**What you have to do**
In the data that follows, find the line with "Agent Starling: Operation Baked Beans"; transcribe it, every later line up to the one with "Холодильник LG бу", and that line as well, exactly and with no others.

**Data in this exercise**
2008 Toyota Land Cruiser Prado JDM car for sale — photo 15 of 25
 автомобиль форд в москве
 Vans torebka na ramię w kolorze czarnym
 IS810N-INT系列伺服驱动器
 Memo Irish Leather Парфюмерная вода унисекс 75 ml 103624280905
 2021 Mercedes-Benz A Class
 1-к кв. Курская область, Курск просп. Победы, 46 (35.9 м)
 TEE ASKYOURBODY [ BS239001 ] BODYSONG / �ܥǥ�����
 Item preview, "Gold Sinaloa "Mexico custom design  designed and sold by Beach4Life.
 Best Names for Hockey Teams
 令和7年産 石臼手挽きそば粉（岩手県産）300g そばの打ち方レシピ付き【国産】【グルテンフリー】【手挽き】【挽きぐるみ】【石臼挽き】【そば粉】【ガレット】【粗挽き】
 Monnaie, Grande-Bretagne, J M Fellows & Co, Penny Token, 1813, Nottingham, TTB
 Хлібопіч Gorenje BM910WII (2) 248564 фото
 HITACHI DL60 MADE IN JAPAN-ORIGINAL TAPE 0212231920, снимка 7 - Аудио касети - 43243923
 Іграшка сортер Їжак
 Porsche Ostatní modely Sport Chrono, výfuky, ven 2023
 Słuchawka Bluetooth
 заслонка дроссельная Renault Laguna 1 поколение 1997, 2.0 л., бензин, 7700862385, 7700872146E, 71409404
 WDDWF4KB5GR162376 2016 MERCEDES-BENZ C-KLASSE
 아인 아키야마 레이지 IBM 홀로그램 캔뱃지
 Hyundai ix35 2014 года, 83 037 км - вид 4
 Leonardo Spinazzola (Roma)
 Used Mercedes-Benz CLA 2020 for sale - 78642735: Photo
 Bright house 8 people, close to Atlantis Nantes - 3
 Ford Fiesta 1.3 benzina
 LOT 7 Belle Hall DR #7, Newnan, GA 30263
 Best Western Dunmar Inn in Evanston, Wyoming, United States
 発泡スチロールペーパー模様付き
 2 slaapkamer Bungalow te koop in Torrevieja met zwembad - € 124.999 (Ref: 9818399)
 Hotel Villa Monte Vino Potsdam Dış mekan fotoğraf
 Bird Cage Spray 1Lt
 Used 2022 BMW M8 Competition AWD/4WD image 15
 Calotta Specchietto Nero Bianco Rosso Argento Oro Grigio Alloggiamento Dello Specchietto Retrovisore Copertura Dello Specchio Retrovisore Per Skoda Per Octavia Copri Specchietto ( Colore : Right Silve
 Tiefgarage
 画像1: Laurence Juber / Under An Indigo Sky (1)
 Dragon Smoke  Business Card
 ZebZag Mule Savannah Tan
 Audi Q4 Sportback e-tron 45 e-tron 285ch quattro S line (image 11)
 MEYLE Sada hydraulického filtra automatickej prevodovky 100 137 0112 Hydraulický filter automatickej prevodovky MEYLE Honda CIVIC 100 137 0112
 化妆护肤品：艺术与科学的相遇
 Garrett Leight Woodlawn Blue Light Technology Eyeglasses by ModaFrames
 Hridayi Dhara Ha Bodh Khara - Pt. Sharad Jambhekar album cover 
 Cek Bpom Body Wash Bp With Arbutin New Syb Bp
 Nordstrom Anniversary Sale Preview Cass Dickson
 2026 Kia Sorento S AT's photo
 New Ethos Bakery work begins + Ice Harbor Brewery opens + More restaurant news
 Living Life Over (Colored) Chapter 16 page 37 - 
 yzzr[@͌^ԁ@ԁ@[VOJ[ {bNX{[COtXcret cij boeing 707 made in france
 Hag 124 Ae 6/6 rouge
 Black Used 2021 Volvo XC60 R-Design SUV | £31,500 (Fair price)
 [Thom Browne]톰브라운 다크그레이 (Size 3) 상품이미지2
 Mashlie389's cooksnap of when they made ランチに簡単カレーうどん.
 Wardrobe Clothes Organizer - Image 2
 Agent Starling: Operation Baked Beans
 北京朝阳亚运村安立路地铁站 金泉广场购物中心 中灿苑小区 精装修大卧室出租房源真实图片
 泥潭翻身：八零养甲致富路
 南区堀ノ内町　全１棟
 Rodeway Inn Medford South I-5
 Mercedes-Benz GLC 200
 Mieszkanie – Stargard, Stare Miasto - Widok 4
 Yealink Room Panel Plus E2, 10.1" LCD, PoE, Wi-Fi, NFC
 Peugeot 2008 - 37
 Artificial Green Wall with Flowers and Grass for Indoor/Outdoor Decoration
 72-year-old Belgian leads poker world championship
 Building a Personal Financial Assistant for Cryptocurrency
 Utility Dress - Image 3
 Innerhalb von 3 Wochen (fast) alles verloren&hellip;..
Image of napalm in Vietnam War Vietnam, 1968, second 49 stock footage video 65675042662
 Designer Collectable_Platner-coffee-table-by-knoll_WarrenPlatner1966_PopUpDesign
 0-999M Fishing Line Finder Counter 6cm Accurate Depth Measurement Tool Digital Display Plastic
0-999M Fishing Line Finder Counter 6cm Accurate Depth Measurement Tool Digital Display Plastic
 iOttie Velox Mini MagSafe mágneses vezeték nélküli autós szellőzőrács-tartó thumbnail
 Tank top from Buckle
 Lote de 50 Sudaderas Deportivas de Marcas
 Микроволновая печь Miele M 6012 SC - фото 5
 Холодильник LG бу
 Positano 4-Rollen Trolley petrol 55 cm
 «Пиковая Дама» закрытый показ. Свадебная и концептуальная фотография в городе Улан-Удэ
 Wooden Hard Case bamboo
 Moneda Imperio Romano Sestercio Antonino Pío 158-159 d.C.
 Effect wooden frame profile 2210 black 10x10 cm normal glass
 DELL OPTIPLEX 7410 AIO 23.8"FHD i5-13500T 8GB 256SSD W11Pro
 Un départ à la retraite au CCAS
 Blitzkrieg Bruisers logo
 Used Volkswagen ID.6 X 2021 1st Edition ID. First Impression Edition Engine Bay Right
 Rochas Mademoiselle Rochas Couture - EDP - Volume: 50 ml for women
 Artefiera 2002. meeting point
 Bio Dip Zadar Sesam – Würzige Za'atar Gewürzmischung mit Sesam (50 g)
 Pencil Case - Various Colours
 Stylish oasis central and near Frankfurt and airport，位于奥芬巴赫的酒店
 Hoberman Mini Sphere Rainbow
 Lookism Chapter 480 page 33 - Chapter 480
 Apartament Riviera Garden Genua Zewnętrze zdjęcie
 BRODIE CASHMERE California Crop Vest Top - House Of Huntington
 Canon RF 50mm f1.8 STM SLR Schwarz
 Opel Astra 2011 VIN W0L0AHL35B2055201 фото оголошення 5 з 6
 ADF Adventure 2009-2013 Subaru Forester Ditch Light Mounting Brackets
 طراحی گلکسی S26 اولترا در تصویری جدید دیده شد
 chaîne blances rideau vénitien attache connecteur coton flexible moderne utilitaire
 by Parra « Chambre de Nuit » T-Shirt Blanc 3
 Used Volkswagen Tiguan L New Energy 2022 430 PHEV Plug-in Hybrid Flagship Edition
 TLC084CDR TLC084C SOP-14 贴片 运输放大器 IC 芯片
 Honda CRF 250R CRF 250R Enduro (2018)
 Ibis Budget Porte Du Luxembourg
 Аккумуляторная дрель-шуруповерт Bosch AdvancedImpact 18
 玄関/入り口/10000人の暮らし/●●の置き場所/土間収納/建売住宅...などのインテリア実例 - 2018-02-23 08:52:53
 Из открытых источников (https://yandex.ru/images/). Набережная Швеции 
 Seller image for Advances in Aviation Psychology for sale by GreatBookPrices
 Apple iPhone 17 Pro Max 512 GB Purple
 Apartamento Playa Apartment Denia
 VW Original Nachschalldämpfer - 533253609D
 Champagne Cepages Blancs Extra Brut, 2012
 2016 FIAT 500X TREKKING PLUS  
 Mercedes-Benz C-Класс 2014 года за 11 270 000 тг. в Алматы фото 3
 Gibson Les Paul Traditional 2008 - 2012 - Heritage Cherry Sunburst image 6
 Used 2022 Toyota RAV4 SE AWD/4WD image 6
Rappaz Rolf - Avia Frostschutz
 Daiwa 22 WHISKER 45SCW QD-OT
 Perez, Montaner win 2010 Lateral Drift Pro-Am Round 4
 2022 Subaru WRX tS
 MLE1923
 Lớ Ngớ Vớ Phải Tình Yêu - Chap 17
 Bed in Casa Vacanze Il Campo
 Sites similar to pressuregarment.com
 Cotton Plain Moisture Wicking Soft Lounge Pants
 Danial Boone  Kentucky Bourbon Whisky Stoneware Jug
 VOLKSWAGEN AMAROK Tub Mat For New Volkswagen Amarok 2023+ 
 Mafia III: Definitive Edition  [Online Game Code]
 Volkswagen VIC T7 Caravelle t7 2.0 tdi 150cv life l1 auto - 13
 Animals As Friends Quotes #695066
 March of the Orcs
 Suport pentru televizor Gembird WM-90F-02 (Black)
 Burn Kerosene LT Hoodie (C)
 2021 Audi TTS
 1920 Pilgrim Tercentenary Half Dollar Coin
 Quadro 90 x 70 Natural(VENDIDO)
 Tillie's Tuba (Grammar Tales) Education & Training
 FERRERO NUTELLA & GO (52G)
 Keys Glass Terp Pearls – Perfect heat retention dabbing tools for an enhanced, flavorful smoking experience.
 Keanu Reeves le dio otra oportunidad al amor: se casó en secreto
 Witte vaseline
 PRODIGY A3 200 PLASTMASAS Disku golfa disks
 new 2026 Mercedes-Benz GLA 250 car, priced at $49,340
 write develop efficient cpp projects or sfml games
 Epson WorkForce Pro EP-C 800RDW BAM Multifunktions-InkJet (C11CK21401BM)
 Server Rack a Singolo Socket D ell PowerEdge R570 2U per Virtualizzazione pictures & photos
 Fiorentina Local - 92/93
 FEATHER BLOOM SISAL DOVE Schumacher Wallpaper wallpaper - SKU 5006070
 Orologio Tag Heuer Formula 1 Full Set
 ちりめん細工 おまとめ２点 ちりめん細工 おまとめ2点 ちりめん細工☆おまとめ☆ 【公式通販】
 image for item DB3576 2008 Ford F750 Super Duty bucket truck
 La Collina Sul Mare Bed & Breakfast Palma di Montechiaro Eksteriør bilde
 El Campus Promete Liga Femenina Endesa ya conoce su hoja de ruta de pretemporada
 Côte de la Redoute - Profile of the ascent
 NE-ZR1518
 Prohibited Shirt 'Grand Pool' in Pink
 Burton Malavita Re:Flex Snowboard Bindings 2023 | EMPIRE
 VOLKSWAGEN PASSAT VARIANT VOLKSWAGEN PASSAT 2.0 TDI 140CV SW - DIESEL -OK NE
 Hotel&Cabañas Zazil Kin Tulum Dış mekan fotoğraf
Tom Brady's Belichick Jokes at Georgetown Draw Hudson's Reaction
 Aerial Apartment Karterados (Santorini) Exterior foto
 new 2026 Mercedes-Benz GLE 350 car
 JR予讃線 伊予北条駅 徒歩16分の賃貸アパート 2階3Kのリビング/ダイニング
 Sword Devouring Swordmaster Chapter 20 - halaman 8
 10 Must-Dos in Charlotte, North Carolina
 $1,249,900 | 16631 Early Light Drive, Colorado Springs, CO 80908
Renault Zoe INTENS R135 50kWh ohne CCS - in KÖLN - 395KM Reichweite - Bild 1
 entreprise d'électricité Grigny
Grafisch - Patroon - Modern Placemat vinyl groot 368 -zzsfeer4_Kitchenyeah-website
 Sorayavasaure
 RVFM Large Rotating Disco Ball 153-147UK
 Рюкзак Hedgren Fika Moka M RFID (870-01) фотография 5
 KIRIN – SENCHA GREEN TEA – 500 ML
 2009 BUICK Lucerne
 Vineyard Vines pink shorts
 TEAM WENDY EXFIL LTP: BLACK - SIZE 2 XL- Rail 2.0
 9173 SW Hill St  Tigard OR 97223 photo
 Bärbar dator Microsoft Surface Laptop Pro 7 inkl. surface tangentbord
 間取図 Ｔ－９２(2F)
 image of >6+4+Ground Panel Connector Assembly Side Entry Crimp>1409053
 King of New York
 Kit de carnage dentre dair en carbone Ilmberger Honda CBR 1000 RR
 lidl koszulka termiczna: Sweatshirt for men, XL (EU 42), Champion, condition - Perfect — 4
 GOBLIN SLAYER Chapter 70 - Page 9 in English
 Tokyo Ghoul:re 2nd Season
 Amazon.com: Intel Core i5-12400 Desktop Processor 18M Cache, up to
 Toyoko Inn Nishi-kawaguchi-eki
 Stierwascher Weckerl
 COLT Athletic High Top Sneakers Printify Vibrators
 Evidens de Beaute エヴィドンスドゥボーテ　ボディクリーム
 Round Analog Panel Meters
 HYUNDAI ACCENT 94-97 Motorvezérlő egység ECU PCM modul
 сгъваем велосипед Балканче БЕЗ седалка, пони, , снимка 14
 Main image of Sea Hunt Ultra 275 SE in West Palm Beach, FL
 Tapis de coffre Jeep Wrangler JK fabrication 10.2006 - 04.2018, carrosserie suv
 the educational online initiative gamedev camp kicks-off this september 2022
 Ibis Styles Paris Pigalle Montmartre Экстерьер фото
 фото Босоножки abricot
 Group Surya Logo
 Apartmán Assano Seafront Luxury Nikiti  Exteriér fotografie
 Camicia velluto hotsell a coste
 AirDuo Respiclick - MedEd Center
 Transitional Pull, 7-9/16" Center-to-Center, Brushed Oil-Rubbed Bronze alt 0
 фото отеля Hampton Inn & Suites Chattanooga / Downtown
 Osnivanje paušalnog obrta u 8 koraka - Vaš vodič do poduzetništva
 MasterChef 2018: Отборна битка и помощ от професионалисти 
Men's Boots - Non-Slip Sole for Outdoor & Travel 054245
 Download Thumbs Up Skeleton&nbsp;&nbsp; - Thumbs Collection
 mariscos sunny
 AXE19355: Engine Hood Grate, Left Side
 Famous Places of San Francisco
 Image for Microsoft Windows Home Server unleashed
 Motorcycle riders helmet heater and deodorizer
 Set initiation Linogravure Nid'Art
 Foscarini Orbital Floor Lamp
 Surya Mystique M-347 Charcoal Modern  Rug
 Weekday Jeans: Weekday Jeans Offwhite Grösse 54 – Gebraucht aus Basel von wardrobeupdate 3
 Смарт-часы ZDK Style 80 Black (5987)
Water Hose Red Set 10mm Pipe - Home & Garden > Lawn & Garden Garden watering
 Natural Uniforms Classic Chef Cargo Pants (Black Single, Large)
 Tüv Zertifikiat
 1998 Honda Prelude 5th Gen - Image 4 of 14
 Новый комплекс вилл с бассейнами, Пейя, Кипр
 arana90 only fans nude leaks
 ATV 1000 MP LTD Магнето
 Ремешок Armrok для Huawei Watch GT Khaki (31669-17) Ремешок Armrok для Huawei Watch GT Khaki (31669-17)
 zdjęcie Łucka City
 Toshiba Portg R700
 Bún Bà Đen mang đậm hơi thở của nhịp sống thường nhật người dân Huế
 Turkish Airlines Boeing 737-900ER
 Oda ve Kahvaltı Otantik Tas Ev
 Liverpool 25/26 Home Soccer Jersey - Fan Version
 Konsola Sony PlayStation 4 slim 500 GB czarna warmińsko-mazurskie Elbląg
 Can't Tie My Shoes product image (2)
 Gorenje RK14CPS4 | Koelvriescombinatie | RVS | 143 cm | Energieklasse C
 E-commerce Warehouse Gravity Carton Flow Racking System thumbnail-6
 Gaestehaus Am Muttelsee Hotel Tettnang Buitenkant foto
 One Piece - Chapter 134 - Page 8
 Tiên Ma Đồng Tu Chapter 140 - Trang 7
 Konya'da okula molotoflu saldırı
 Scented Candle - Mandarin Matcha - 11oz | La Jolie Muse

**Solved problem**
 Agent Starling: Operation Baked Beans
 北京朝阳亚运村安立路地铁站 金泉广场购物中心 中灿苑小区 精装修大卧室出租房源真实图片
 泥潭翻身：八零养甲致富路
 南区堀ノ内町　全１棟
 Rodeway Inn Medford South I-5
 Mercedes-Benz GLC 200
 Mieszkanie – Stargard, Stare Miasto - Widok 4
 Yealink Room Panel Plus E2, 10.1" LCD, PoE, Wi-Fi, NFC
 Peugeot 2008 - 37
 Artificial Green Wall with Flowers and Grass for Indoor/Outdoor Decoration
 72-year-old Belgian leads poker world championship
 Building a Personal Financial Assistant for Cryptocurrency
 Utility Dress - Image 3
 Innerhalb von 3 Wochen (fast) alles verloren&hellip;..
Image of napalm in Vietnam War Vietnam, 1968, second 49 stock footage video 65675042662
 Designer Collectable_Platner-coffee-table-by-knoll_WarrenPlatner1966_PopUpDesign
 0-999M Fishing Line Finder Counter 6cm Accurate Depth Measurement Tool Digital Display Plastic
0-999M Fishing Line Finder Counter 6cm Accurate Depth Measurement Tool Digital Display Plastic
 iOttie Velox Mini MagSafe mágneses vezeték nélküli autós szellőzőrács-tartó thumbnail
 Tank top from Buckle
 Lote de 50 Sudaderas Deportivas de Marcas
 Микроволновая печь Miele M 6012 SC - фото 5
 Холодильник LG бу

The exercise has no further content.